**WORK TASK**: Every record must be repeated exactly; omit any pictures they contain.

SOURCE DATA section start

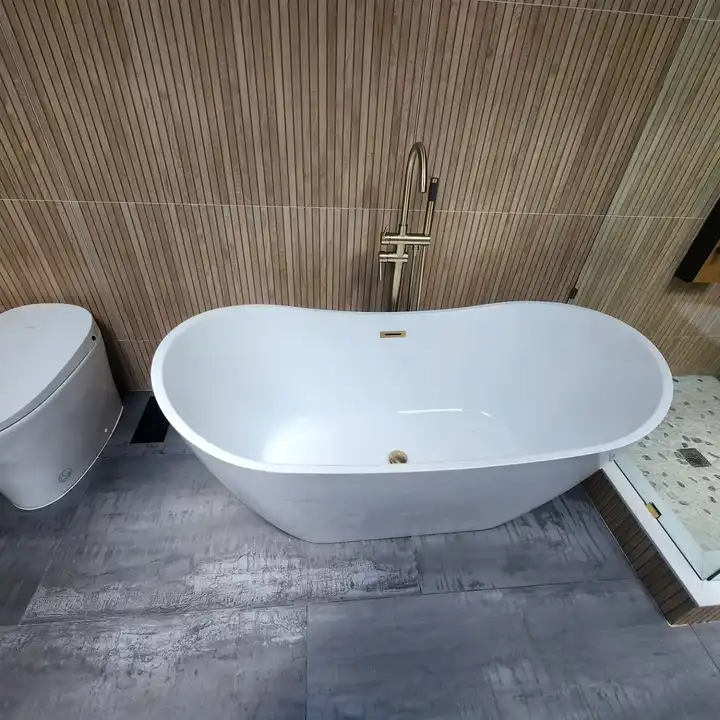 White freestanding tub with a floor-mounted gold filler on a concrete-look floor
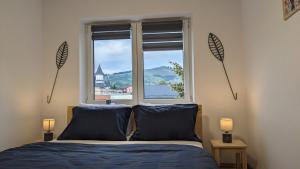 Un dormitorio con una cama y una ventana grande. en Downtown mountain view two bedroom apartment 4th floor, en Gura Humorului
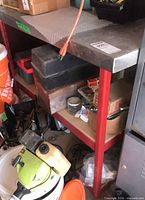 Full view of table top, legs, and shelf with surrounding items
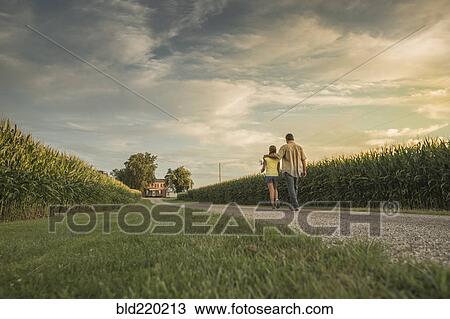 Stock Image - Caucasian father and daughter walking on dirt path by corn field. Fotosearch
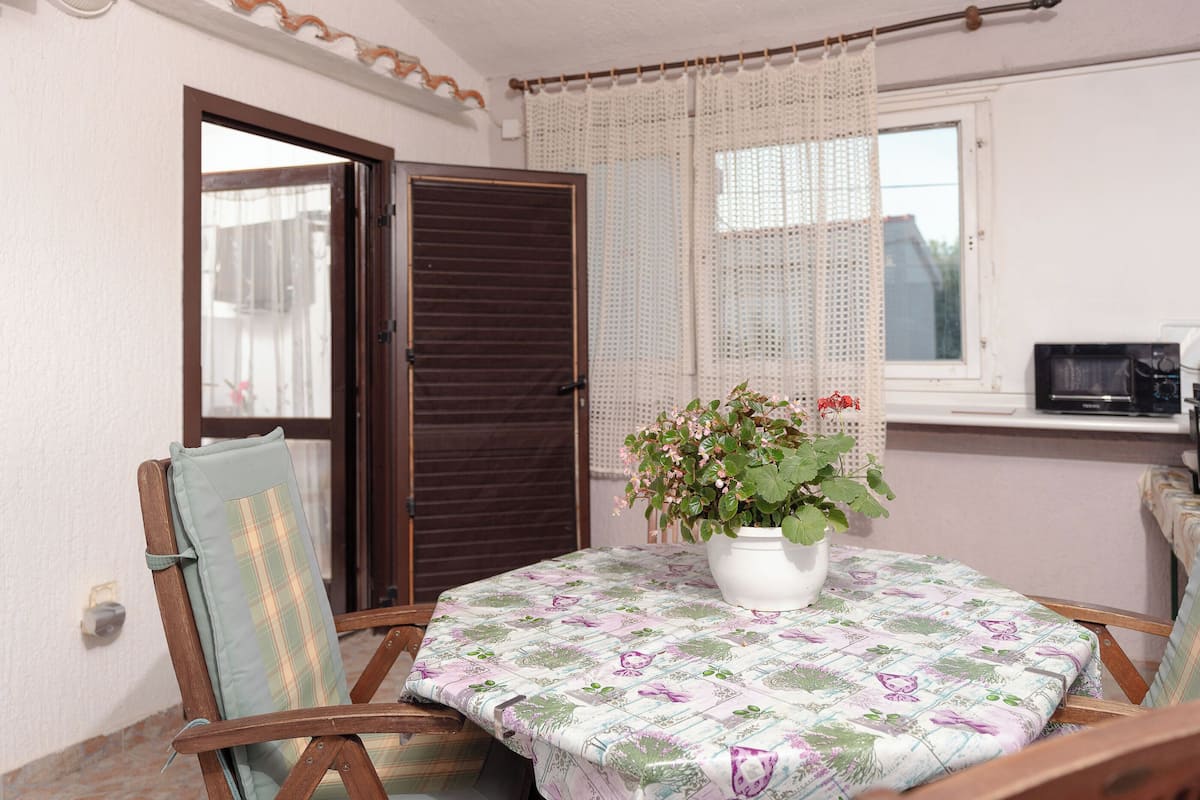 A room with a wooden chair, a table with a floral tablecloth, a potted plant, and a window with curtains.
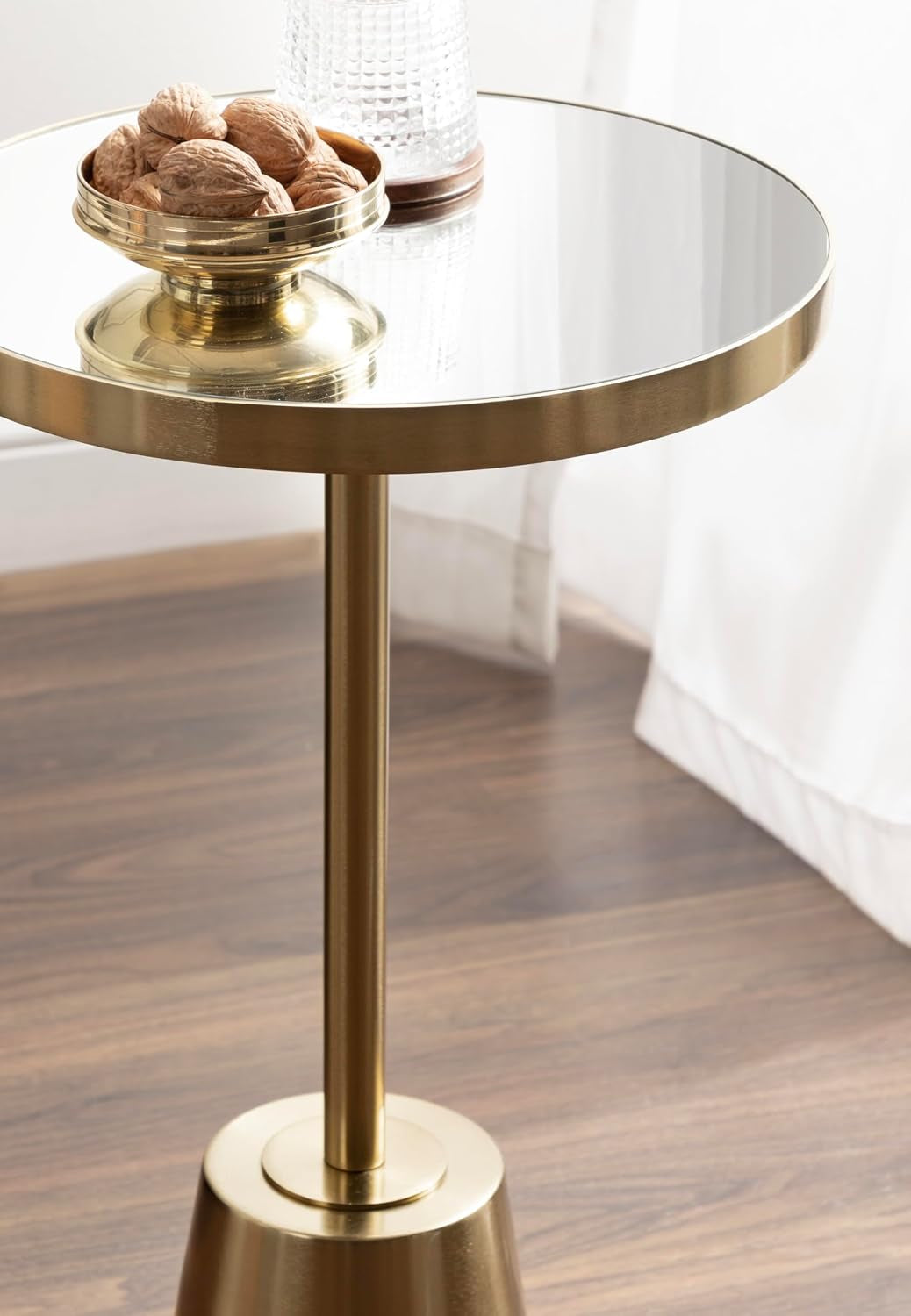 Close-up of the mirrored tabletop and gold rim with a small decorative bowl and glass on top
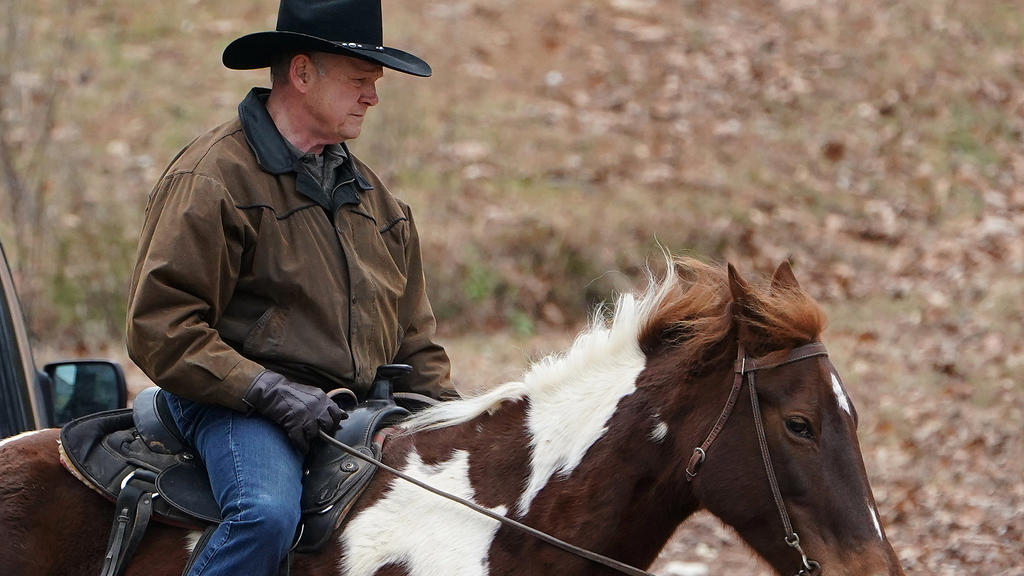 Republican Senate candidate Roy Moore arrives on his horse to cast his ballot in Gallant, Alabama, U.S., December 12, 2017. REUTERS/Carlo Allegri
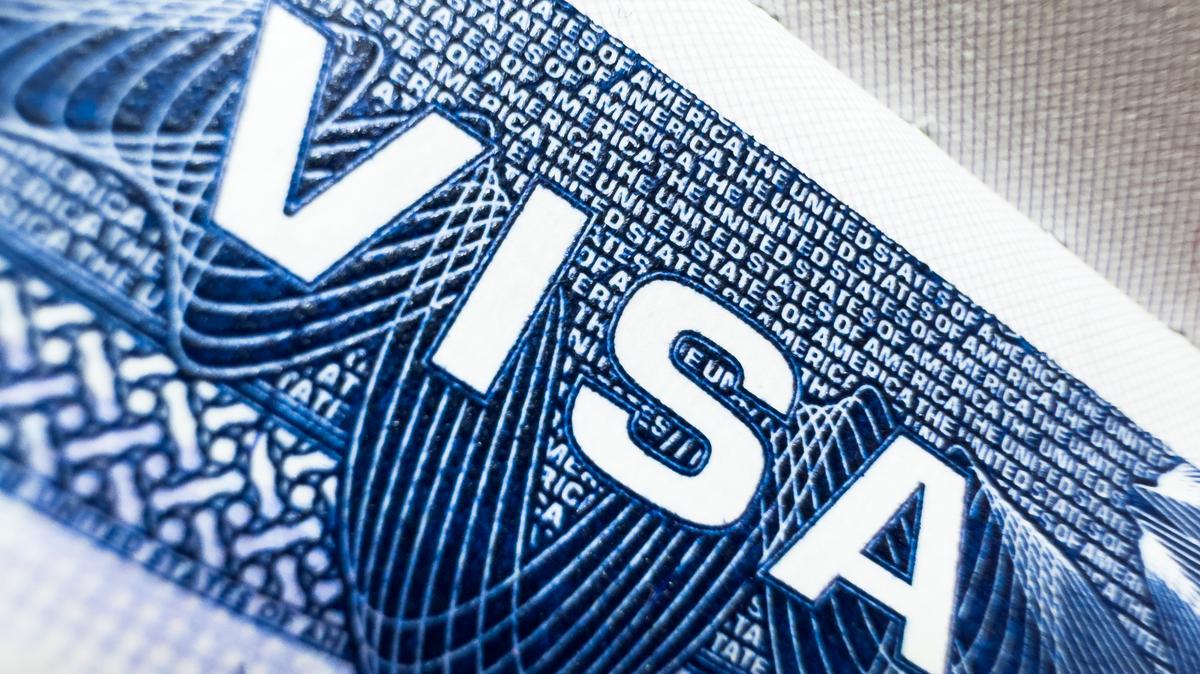 US visa, Visa in passport, fee for US visa, tour of the USA, airport, customs, checkpoint, illegal immigrants, closed borders, nationality H-1B visa. Macro photo. A close-up shot of a U.S. visa. Image for illustration purposes only. 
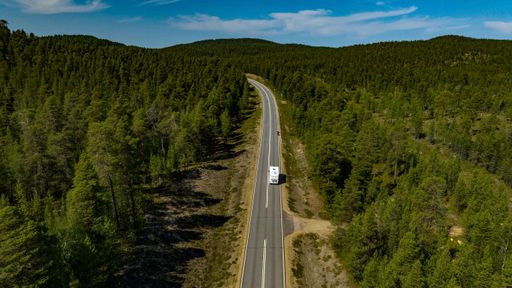 Aerial view of a camper driving in middle of forest, and tunturi mountains, in Inari, Lapland, Finland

SOURCE DATA section end

**FINISHED EXERCISE**:
 White freestanding tub with a floor-mounted gold filler on a concrete-look floor
 Un dormitorio con una cama y una ventana grande. en Downtown mountain view two bedroom apartment 4th floor, en Gura Humorului
 Full view of table top, legs, and shelf with surrounding items
 Stock Image - Caucasian father and daughter walking on dirt path by corn field. Fotosearch
 A room with a wooden chair, a table with a floral tablecloth, a potted plant, and a window with curtains.
 Close-up of the mirrored tabletop and gold rim with a small decorative bowl and glass on top
 Republican Senate candidate Roy Moore arrives on his horse to cast his ballot in Gallant, Alabama, U.S., December 12, 2017. REUTERS/Carlo Allegri
 US visa, Visa in passport, fee for US visa, tour of the USA, airport, customs, checkpoint, illegal immigrants, closed borders, nationality H-1B visa. Macro photo. A close-up shot of a U.S. visa. Image for illustration purposes only. 
 Aerial view of a camper driving in middle of forest, and tunturi mountains, in Inari, Lapland, Finland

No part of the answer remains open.